Okay, maybe some of these are fun, but don’t really affect your productivity as a developer.

Let’s look at a couple that do.

Have a text file whose contents you want to copy onto the clipboard? You could open a file explorer, double-click on the file, select all the text, copy, and then close the editor window. Or you could do this:

cat file.txt | xclip -selection clipboard

Maybe you feel that a project is taking up too much space on your hard drive, and you need a way to tell what directories and files are at fault. ncdu is an interactive version of du (disk usage) that allows you to browse the file system with the largest directories sorted to the top by default. It even gives a relative size indicator next to each file or directory.

split -d -l 50 large.txt part_ will split large.txt into many small text files, placing 50 lines in each. The output files will be named part_1, part_2, part_3, and so on. Imagine how long it would take to do that by hand if large.txt contained 5000 lines!

Each program usually comes with a man (manual) page that you can display by doing something like man cal or man split. You’ll find that each program provides options that allow you to tweak the output. For example, maybe you want a whole year’s calendar, or maybe you want split up the file into files of no more than n bytes instead of splitting based on lines.

Conclusion

There are many more tools than the ones I have listed.

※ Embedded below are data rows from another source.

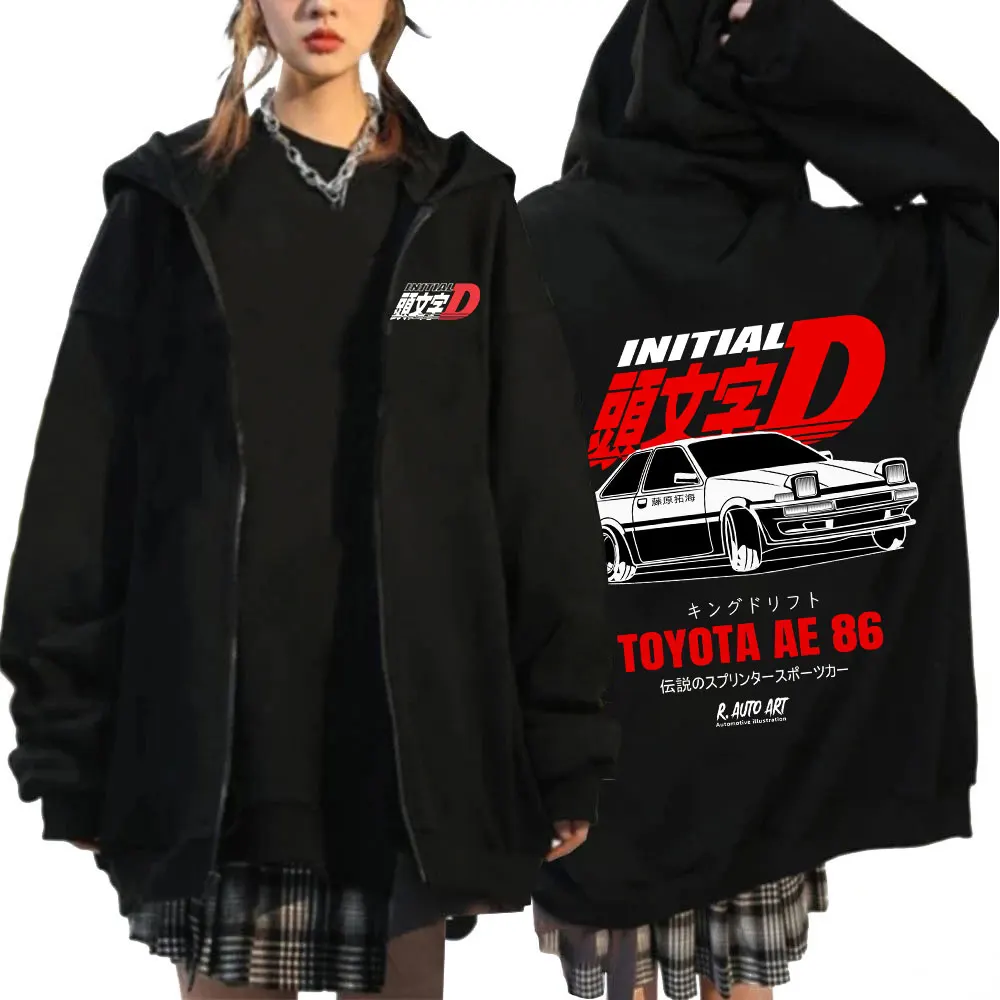 Anime Initial D Hoodies Drift AE86 GTR Print Zipper Jacket Hip Hop Streetwear Sweatshirts Men Women Casual Y2K Hooded Cardigan 4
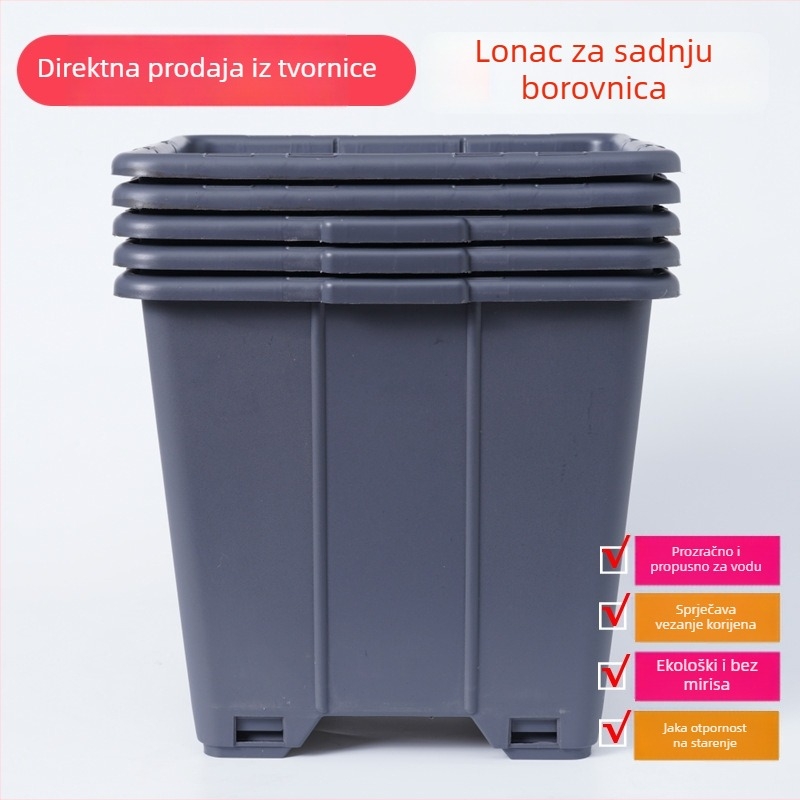 Lonac za borovnice, 30 L / 7 galona, plastičan, velik kvadratni, prozračan, kontrola korijena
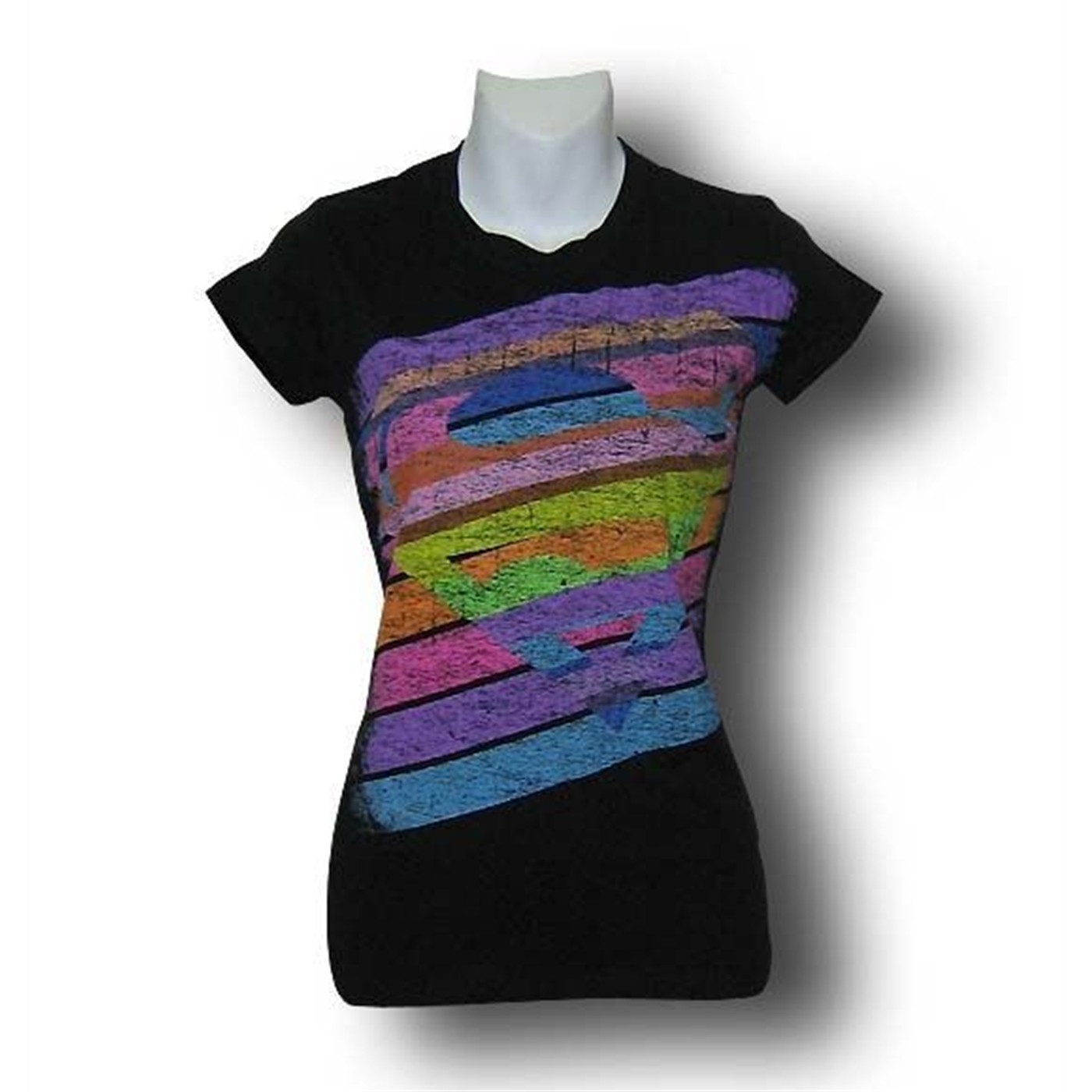 Supergirl Jr Womens Rainbow Stripe Symbol T-Shirt, Black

The next time you’re faced with an extremely tedious, nearly impossible task, like renaming thousands of files according to a pattern and then replacing a certain string across all of them, see if you can do it using a few shell commands.

Don’t waste time on repetitive tasks. Learn to automate, and do it relentlessly.

Suppose you have some task that takes a couple hours. It might take an entire day to create a series of commands or a shell script that automates the task, but if it’s a recurring task, the investment of one day upfront will pay massive dividends.